Let us return for a while to Friedrich Hebbel's Die Nibelungen: Ein deutsches Trauerspiel in drei Abteilungen / (The Nibelungs: A German tragedy in three parts), for of all the plays produced during the nineteenth and twentieth centuries on this theme, it is the one that deserves more than fleeting mention. Hebbel's diary entry of 18 February 1857 alludes to a visit the dramatist paid to the home of Amalia Schoppen in Hamburg, at which time he became acquainted with the Nibelungenlied and was particularly impressed by the figures. In Vienna, Hebbel attended a performance of Ernst Raupach's Der Nibelungenhort (The treasure of the Nibelungs, published 1834) and, in a letter to Charlotte Rousseau, he expressed his delight with Christine Enghaus (whom he later married) in the role of Chriemhild. Hebbel's drama was conceived over a period of five years, from 1855 to 1860, during which time he familiarized himself with the renditions of previous authors. He was aware of the difficulties inherent in such a project, the most prominent being the transposing of epic figures onto the stage,24 but he believed that the Nibelungenlied poet had been a “dramatist from his head to his toes.”25

The Nibelungen consists of three parts: Der gehörnte Siegfried: Vorspiel in einem Akt, Siegfrieds Tod, and Kriemhilds Rache. Under the influence of Friedrich Theodor Vischer, Hebbel attempted to produce a drama in conformity with the latter's call for a logical justification of every action undertaken by psychologically unified characters. Members of human society (in contrast to those figures whose origins lay in the supernatural sphere) were to be depicted as acting from a position of complete independence and would bear full responsibility for their actions.26 In Der gehörnte Siegfried, Hebbel retains much of the arrogance we associate with Siegfried upon his arrival in Worms: “Ich grüss dich, König Gunther von Burgund!— / Du staunst, dass du den Siegfried bei dir siehst? / Er kommt, mit dir zu kämpfen um dein Reich!” (“I greet you, King Gunther of Burgundy. You are amazed to see Siegfried here before you? I have come to fight you for your empire.”)27 We are also made aware of Gunther's overstimation of his talents. Upon hearing of the danger for Brünhild's suitors and the fate of those who have hitherto attempted to woo her, the king exclaims that this can only prove that she is intended for him. As in the Nibelungenlied, a deal is fashioned whereby Siegfried agrees to procure Brünhild (who, he maintains, has not touched his heart) for Gunther if he can wed Kriemhild in return. Siegfried has thus been clearly identified with a world set far apart from that of the court at Worms. The ominous predictions regarding the outcome of the wooing mission are delivered by Volker: “Nein, König, bleib daheim / Es endet schlecht” (“No, my king, remain at home. This will turn out badly”).28 Volker recognizes the deeper significance in what is proposed, and maintains that “falsche Künste” (“magic”) are not appropriate to the Burgundians.

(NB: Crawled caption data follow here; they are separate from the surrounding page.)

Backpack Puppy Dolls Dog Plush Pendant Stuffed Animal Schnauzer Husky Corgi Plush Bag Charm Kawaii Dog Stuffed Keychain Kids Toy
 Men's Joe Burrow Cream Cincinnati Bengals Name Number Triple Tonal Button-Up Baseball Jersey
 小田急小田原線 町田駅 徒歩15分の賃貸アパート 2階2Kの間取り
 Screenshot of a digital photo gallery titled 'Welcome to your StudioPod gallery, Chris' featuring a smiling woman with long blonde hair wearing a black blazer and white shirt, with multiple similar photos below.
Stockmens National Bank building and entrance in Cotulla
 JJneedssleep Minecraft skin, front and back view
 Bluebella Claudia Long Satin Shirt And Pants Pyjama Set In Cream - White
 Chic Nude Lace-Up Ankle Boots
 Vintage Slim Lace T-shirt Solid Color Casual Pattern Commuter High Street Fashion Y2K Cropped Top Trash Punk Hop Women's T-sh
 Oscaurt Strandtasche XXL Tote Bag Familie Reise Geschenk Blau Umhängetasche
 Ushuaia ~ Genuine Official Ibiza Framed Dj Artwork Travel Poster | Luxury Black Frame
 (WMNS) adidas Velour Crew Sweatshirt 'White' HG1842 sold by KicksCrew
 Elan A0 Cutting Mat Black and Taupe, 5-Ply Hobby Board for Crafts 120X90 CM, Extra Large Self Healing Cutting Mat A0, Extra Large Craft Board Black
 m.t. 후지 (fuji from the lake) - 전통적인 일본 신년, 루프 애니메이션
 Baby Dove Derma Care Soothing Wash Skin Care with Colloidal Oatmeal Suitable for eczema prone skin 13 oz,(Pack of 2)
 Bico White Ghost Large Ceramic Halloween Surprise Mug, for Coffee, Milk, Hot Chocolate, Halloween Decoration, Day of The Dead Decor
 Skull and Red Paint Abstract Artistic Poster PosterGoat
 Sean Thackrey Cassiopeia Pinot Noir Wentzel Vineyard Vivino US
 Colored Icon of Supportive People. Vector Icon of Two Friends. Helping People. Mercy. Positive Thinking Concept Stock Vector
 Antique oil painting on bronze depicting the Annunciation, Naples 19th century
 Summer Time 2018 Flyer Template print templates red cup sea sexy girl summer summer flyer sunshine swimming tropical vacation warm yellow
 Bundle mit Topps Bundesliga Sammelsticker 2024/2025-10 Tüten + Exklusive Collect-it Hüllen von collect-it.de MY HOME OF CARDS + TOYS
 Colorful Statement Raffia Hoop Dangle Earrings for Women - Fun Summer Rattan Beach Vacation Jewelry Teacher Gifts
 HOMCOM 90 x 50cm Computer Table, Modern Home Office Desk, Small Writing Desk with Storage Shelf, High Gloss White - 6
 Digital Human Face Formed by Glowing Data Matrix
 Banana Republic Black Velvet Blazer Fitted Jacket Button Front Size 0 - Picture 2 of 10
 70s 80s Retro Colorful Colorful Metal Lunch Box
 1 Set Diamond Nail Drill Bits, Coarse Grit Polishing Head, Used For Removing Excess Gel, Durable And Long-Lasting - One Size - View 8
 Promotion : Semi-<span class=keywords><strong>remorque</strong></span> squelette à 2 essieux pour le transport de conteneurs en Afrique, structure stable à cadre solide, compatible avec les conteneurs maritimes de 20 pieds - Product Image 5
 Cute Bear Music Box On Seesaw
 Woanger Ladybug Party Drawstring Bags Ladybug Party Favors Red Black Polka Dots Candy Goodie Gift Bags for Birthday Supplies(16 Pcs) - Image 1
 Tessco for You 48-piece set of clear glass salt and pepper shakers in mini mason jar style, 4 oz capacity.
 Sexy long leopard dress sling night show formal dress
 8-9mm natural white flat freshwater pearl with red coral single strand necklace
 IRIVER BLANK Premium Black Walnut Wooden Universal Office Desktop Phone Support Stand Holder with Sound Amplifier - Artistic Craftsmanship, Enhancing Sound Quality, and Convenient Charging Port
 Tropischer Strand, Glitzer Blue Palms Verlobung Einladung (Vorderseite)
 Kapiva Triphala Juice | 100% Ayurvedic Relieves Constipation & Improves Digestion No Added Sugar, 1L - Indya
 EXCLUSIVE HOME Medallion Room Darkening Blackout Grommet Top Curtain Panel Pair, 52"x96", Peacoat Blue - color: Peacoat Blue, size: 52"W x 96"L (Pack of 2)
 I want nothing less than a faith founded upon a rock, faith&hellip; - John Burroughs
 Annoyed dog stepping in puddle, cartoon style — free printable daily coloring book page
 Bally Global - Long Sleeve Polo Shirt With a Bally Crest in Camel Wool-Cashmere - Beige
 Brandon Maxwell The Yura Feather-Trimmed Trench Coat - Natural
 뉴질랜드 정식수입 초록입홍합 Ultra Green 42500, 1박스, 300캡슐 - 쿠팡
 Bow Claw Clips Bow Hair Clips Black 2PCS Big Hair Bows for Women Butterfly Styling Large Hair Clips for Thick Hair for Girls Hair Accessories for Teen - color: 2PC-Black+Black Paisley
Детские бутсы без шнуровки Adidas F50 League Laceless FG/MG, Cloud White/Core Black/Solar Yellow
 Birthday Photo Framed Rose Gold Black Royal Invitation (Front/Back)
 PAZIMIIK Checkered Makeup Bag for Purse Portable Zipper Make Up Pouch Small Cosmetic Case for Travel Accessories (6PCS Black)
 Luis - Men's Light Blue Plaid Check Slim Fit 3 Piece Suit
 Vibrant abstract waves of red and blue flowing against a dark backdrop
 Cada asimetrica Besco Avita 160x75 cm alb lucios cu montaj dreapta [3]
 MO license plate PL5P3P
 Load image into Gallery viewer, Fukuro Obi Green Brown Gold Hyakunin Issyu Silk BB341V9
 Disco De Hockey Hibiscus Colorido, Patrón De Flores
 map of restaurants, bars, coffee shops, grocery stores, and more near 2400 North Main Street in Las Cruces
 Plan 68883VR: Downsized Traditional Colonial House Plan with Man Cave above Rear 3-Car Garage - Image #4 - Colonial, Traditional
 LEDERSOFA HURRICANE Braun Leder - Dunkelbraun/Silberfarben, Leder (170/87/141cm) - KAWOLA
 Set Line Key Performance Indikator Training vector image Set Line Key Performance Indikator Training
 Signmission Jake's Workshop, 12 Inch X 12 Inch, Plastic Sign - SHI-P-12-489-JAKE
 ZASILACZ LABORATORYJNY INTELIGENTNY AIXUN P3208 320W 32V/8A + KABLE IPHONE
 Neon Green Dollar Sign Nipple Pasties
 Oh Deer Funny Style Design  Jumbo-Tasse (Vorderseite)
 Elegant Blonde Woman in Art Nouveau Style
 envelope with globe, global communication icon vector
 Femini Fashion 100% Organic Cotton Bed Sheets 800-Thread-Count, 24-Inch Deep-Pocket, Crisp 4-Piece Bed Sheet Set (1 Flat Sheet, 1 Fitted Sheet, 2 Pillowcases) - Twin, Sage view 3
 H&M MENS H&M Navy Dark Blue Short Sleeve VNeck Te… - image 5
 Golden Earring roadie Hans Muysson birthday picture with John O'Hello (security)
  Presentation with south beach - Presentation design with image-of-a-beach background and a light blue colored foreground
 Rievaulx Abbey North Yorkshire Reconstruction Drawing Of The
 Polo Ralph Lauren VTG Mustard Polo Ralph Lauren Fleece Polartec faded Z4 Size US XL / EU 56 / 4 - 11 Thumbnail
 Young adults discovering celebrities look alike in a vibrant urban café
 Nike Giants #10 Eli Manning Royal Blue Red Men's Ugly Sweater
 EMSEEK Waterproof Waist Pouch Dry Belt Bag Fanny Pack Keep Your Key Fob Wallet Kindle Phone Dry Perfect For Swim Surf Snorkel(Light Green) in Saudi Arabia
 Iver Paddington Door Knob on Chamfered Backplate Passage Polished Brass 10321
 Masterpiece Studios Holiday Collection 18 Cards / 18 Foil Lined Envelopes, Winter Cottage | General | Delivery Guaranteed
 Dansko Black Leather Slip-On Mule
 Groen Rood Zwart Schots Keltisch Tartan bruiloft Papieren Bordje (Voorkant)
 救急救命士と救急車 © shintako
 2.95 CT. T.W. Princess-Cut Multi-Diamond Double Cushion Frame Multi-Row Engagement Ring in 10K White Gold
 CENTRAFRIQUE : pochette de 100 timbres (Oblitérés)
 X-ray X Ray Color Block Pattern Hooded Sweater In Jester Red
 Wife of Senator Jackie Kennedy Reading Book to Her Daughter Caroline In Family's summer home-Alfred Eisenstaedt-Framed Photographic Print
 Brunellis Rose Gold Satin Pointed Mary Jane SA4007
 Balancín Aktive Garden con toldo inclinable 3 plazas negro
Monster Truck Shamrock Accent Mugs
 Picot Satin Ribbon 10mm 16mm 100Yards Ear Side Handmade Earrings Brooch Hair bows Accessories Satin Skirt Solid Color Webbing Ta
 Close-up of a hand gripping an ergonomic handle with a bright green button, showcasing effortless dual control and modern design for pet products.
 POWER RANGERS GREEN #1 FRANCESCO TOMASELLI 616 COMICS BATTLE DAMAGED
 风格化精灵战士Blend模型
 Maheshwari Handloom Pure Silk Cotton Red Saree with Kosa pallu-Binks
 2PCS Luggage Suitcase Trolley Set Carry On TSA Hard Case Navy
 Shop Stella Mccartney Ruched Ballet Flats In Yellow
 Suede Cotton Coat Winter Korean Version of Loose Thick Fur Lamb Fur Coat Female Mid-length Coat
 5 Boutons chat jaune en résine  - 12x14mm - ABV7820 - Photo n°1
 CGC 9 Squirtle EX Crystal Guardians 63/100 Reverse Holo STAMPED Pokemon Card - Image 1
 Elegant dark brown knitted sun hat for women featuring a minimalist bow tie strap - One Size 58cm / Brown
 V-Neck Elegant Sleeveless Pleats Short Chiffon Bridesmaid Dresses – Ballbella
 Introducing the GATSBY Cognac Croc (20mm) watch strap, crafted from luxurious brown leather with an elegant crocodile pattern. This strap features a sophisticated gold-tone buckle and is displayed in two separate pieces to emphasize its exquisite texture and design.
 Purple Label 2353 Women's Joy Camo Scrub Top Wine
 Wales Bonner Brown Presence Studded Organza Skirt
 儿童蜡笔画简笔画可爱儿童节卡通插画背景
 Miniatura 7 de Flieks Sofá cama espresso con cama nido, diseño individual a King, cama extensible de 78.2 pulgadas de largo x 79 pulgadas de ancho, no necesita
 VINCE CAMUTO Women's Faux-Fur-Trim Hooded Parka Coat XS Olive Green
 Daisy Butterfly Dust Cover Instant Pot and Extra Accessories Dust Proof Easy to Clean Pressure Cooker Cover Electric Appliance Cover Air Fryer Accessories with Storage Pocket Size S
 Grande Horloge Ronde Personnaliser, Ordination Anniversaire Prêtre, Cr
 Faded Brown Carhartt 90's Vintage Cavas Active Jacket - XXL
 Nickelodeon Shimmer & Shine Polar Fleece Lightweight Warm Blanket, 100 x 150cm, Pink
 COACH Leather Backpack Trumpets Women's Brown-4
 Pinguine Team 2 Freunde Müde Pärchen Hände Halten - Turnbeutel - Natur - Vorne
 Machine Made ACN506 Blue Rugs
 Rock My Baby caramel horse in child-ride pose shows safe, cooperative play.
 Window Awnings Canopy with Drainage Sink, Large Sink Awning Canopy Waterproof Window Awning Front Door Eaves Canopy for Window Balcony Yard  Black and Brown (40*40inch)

In Siegfrieds Tod, Hebbel places Brünhild squarely into the foreground and, in a scene reminiscent of the arrival of the Burgundians in Iceland in the Nibelungenlied, allows her to address Siegfried first in the assumption that it is he who has come to woo her. He devotes no time to the actual ordeals in which Gunther-Siegfried must prove victorious in order to obtain Brünhild, but quickly moves the scene from Isenland and Brünhild's castle to Worms and Gunther's palace. It is Hagen who makes the initial suggestion that Siegfried “tame” Brünhild in bed, claiming that the honor of the king is at stake. In contrast to the situation in the Nibelungenlied, Siegfried is less than willing to comply with the request. His eventual acquiescence, coupled with his indiscretion in taking Brünhild's girdle, leads to the subsequent confrontation between Brünhild, conscious of her status as queen of the Burgundians, and Kriemhild, to whom Siegfried is “the strongest man in the world.” When Hagen states that Siegfried must die, his motives go beyond those of his counterpart in the Nibelungenlied. It is not just a question of jealousy and dislike or, for that matter, fear of the hero. Siegfried is not simply the “Schwätzer” (“prattler”). Hagen recognizes that there is more than hate perceived by Brünhild toward Siegfried. They are of the same world, inescapably drawn to one another by their very nature; theirs is a magical bond that can only be dissolved by death:

                                        “Ein Zauber ists,
Durch den sich ihr Geschlecht erhalten will,
Und der die letzte Riesin ohne Lust
Wie ohne Wahl zum letzten Riesen treibt.”

(act 4, scene 9)

(“It is magic, by means of which their race attempts to survive, and which draws the last giantess—neither by choice, nor by desire—to the last giant.”)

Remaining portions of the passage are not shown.